PR & Content Manager

It’s been a busy week in the marketing world, here’s what has caught our eye!

 
 
Brands using Snapchat to reach teenagers could be misguided according to new research, which finds that only 14 per cent of users aged 16-24 use the app to find new products and brands to try. However, that figure rises to one in five (21 per cent) among users aged 25-34. The findings come on the eve of Snapchat’s fifth birthday in September, and as its parent company reports slowing growth as it looks for ways to make life easier for advertisers. The research was carried out among 2,500 UK consumers aged 16 and above by media agency UM. It forms part of the Momentous Book of Moments, an in-depth study of the UK’s online and social media habits.
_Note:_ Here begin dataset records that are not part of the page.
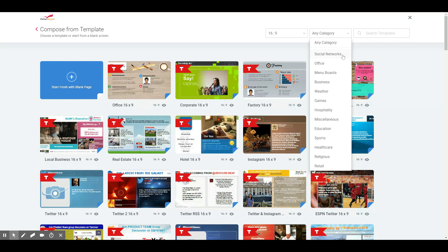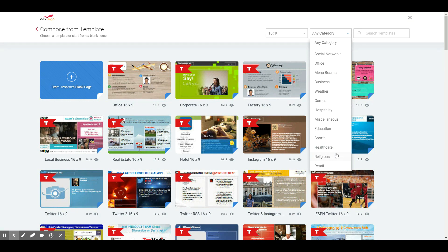Categories include social networks, offices, digital menu boards, business, weather, games, and hospitality templates. We've also got education templates for schools — middle schools, high schools, and colleges — as well as templates for sports arenas. Healthcare templates cover clinics, hospitals, and doctor offices. We also have templates for retail, advertising, religious, and more.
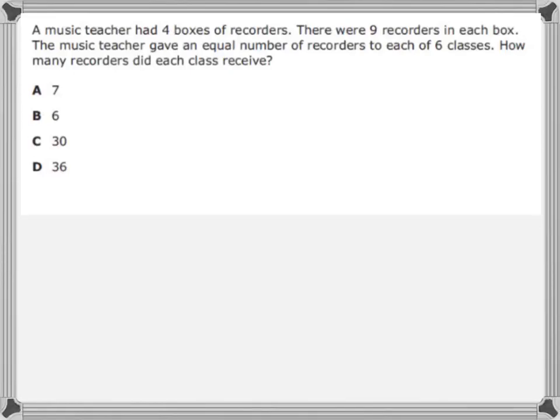A music teacher had four boxes of recorders. There were nine recorders in each box. The music teacher gave an equal number of recorders to each of his six classes. How many recorders did each class receive?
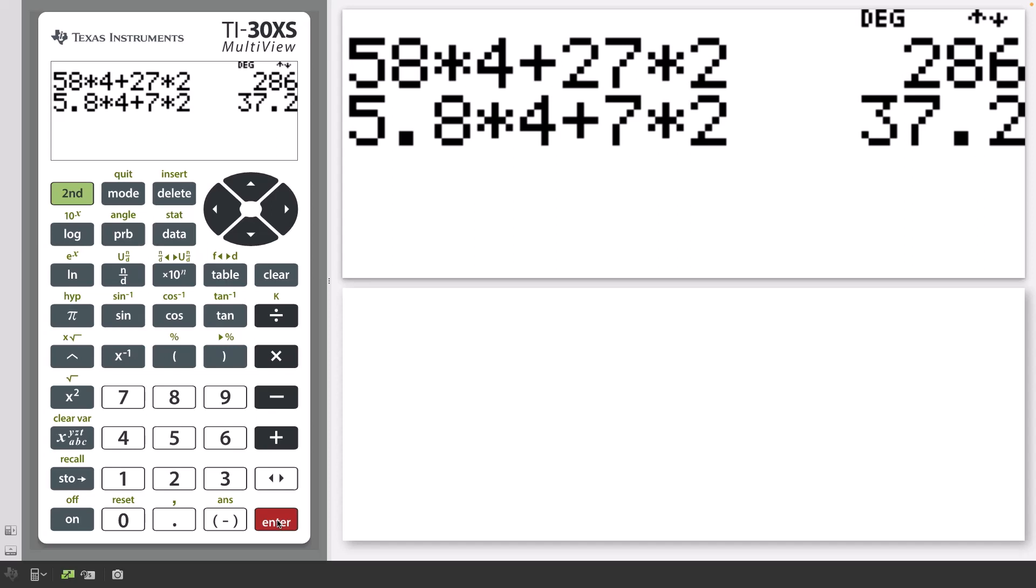You can also copy and paste a previous entry or answer to the denominator of a new entry. To illustrate this process, let's perform one more calculation.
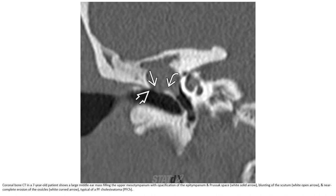This is the coronal bone CT in a seven-year-old patient showing a large middle ear mass filling the upper vestibule of the tympanum, with opacification of the deep and posterior space, blunting of the scutum, and near-complete erosion of the ossicles. This is typical of pars flaccida cholesteatoma.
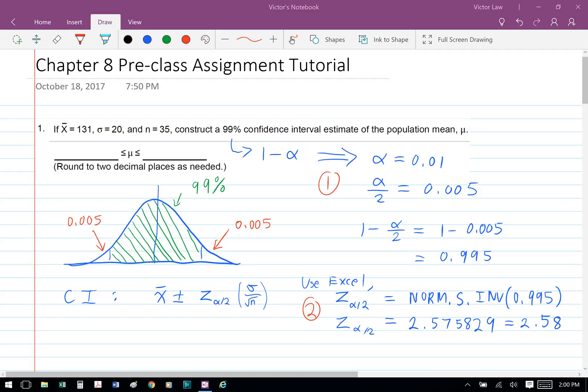To find a confidence interval, we're going to use the formula x-bar plus minus z times standard deviation over square root n. And we need to find what z is, so we're going to use Excel to help us do that.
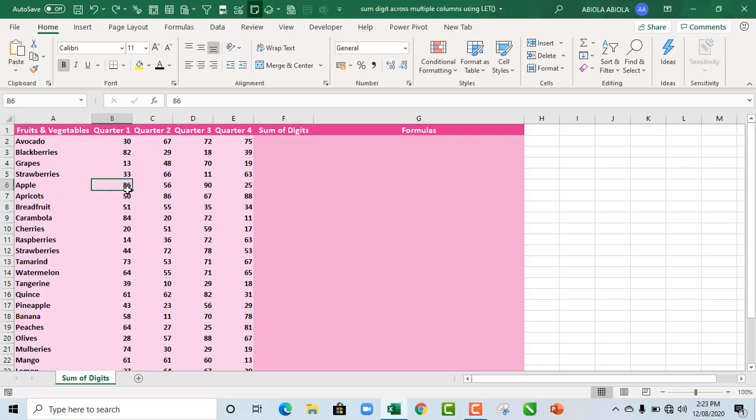Hello, this is Isabella David. In this tutorial, I'm going to show us how to sum digits across multiple columns using the LET function. So let's get started.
Perhaps unsurprisingly, the study found that a large part of the social network’s attraction to younger users is its lack of appeal to older people: 40 per cent of those aged 16-24 (and 43 per cent of teenagers) admit they like using Snapchat because their parents aren’t on it. One in five 25-34-year-old users (20 per cent) feel the same way.
 
 
First Direct has launched its first major campaign in two years in an attempt to subtly reinforce its “challenger” status. The Leeds-headquartered bank, set up 28 years ago, has brought in London agency Karmarama for an above-the-line campaign that has launched with a 60-second TV ad. It seeks – in a marketplace increasingly featuring challenger banks such as Aldermore, Metro and Atom – to promote it as a “modern, digital bank”. The ad, which features an astronaut bouncing around London, paints First Direct as a bank that “forgot to be ordinary long ago”.
 
 
Coca-Cola believes e-commerce is playing an increasingly important role for the business, but warns that its image of only being the remit of digital “pure players” is wrong and should be challenged. Speaking at the Barclays Global Consumer Staples Conference yesterday (5 September), the company’s executive vice president of Coca-Cola North America, Sandy Douglas, spoke about the “digitisation” of the business, and how technology is changing the way it serves consumers. E-commerce, he claimed, gives it the opportunity to reach people using their mobile devices in their homes – and believes there is room for further growth due to the popularity of its products among online retailers. That said, he believes e-commerce still has an image problem that needs tackling.
 
 
Gambling firms should be banned from football shirt sponsorship deals, Labour has said. With 25 of the 92 league clubs, including nine out of 20 Premier League sides, currently engaged in such sponsoring, shadow Digital, Culture, Media and Sport (DCMS) secretary Tom Watson said it was time to take action. Currently, children’s replica kits cannot carry the logos of betting companies, with some choosing to display the emblem of club trusts, or simply selling blank shirts. Mr Watson said clubs should take the lead from the Football Association as it ended its commercial agreement with Ladbrokes in June after deciding it was not appropriate for it to partner with a gambling company. Labour said the FA already prohibits under-18 teams from displaying the logos of gambling firms as that would be classed as wearing clothing which would be deemed as “detrimental to the welfare, health or general interest of young persons”.
 
 
Google has redesigned its Street View camera system so that it can take clearer images and capture more data about shops and buildings. The new hardware takes clearer panoramic photos, while two high definition cameras capture detailed images of shops and street signs. Data such as shop opening hours can be spotted by machine-learning algorithms and included in search results. It is the first major update to the Street View hardware in eight years. Google said the improved cameras would produce brighter and more colourful images, with less-noticeable seams where the images had been “stitched together” to produce a 360-degree panorama. It said it had captured images of more than 10 million miles of road, and more than 80 billion photos, since launching Street View, in 2007.